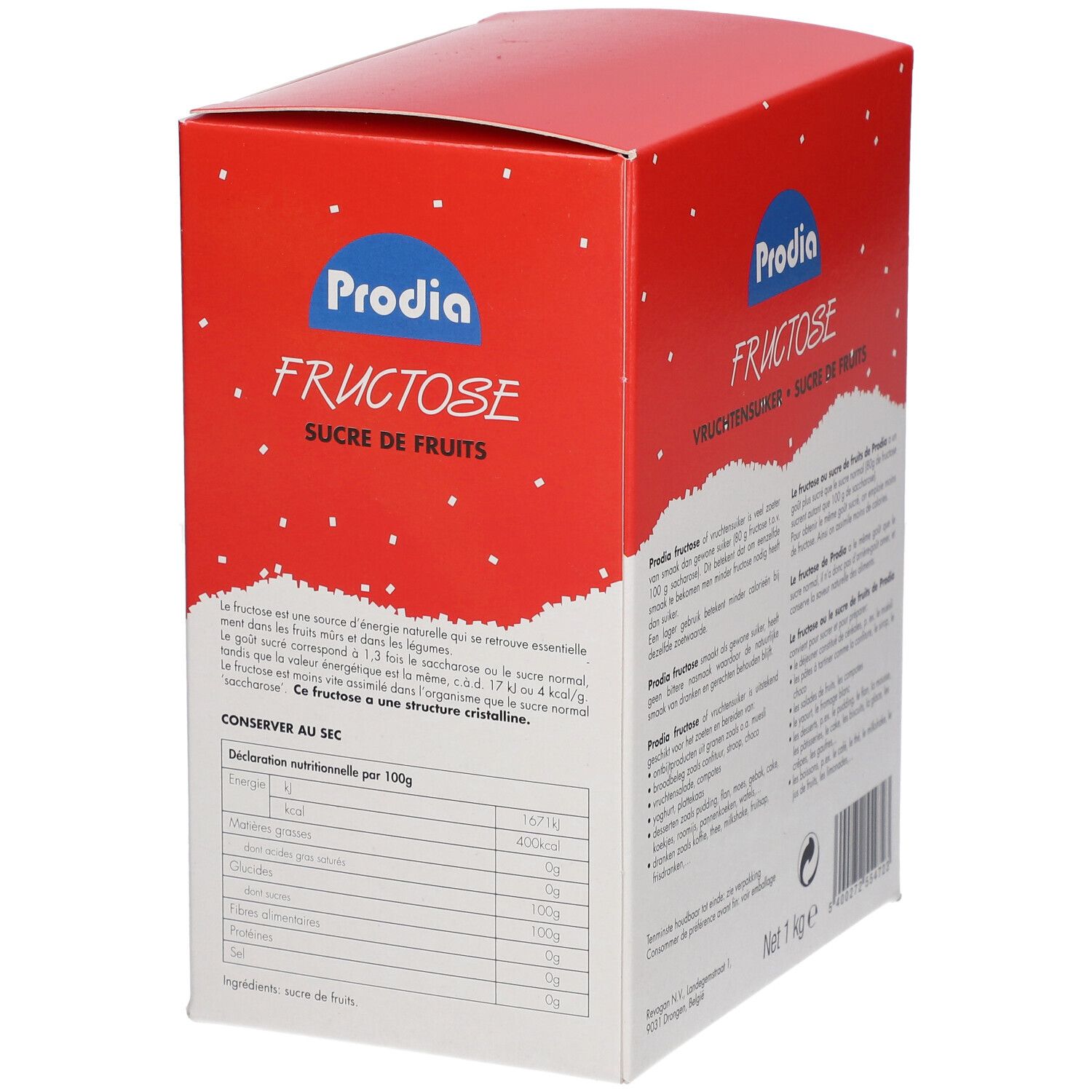 Prodia Fruktose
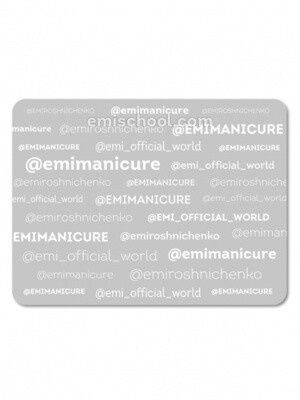 Nail Art Mat 30*40, for nail masters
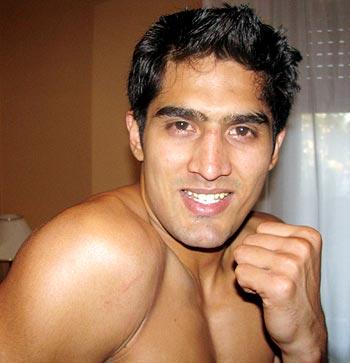 Vijender Singh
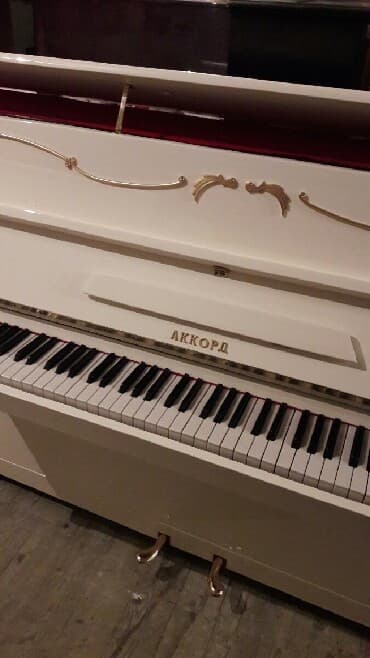 piano dersleri baki: Pianino Rusya stehsalı. Əla vəziyyədədi. Köklənub. Cadırılma və — 1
───
## Work instructions
Ignore the images and quote every line of the listing exactly.

## Solved problem
 Prodia Fruktose
 Nail Art Mat 30*40, for nail masters
 Vijender Singh
 piano dersleri baki: Pianino Rusya stehsalı. Əla vəziyyədədi. Köklənub. Cadırılma və — 1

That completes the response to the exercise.